“Freude, schöner
Götterfunken: Tochter aus Elysium”
(Schiller)
Dura poco, igual que un relámpago, un chispazo, pero es algo
propio de los dioses y que, a veces, nos es concedido.
No es la felicidad, no
precisa siquiera la altura del éxtasis místico; no es, desde luego, ninguna
clase de ataraxia. No puede confundirse con la exaltación maníaca. No es
sosiego. Tampoco tiene que ver con el placer derivado de una química cerebral
alterada por drogas, aunque esa química se altere.
Es un instante de comunión con
los animales, con las plantas, con la arena, con el mar, con las estrellas, en
la eternidad divina. Se relaciona con el enamoramiento, con el estremecimiento,
con el temblor de la vida tan frágil como resistente y hermosa. Bella chispa
divina, escribió Schiller y nos recuerda Beethoven.
Y, por ella, por la alegría, tan eterna como fugaz,
pagaremos, cuando no exista, un precio que valdrá la pena a pesar de todo;
pagaremos con la nostalgia, también con el miedo a la muerte, que será recordado
en el frío de la tristeza, del absurdo con que tantas veces se muestra la vida.
Lo divino desconoce la muerte, y la alegría supone esa
participación de saberse eternamente vivos, aunque seamos mortales. Algunos la
verán como insensatez o cosa de la juventud, pero valdrá la pena.
Dura poco. O no. O no, porque, tal vez, por su carácter
divino, sea asumible pensar en una perfecta alegría, la asociada al
comportamiento ético, como la que recoge el hermoso libro “Las florecillas de
San Francisco”. Y quien hizo posible el propio cristianismo, San Pablo, en su carta
a los filipenses (Flp.4,4), insistía en estar alegres en Dios. Aunque expresado
como imperativo para otros, San Pablo parecía transmitir su propio imperativo
personal, absolutamente espontáneo, que induce a quien ha alcanzado esa
perfecta alegría, que presagió a la franciscana, a tratar de contagiar su
estado.
Quizá resida en eso una diferencia entre el cristianismo y
el budismo, la de asumir una rara alegría y no conformarse con la serenidad, no
siendo ésta poca cosa.
El mundo es demasiado misterioso y, paradójicamente, lo es
más cuanto más próximo, cercano, cotidiano, nos resulta. No sólo las estrellas
lejanas, también la propia mesa en que nos apoyamos, el libro que leemos, el
cuerpo que tenemos, son continuidades solo aparentes por estar constituidas por un
amasijo de discontinuidades minúsculas. Si lo desconocido es enigmático, lo que
creemos conocer es misterioso. Y el misterio aumenta con el grado de
conocimiento. Cada célula se hace más misteriosa cuanto más creemos entenderla.

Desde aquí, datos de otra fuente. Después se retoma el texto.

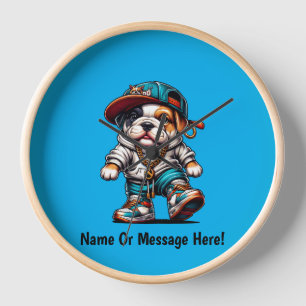 Horloge Chiot Bouledogue Mignon Vêtements de Rue Design po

Y estamos constituidos por millones de ellas, que mueren, renacen, permanecen,
desafiando, aunque sea a veces malamente, el caos letal.
La alegría es fulgor divino porque surge del encuentro con
lo claramente Otro y que,a la vez, nos permea, llamémosle como le llamemos, seamos creyentes o ateos, pero
un otro más misterioso cuanto más cotidiano. Es ese
otro que se muestra con una sonrisa, la de cualquier niño ante el mundo que
empieza a percibir al poco tiempo de nacer.
Todos los días tenemos ocasión de
ver una sonrisa así. Y eso es suficiente; nada más es necesario para poder, quizá, quién sabe, sostenernos ante la tempestad del absurdo.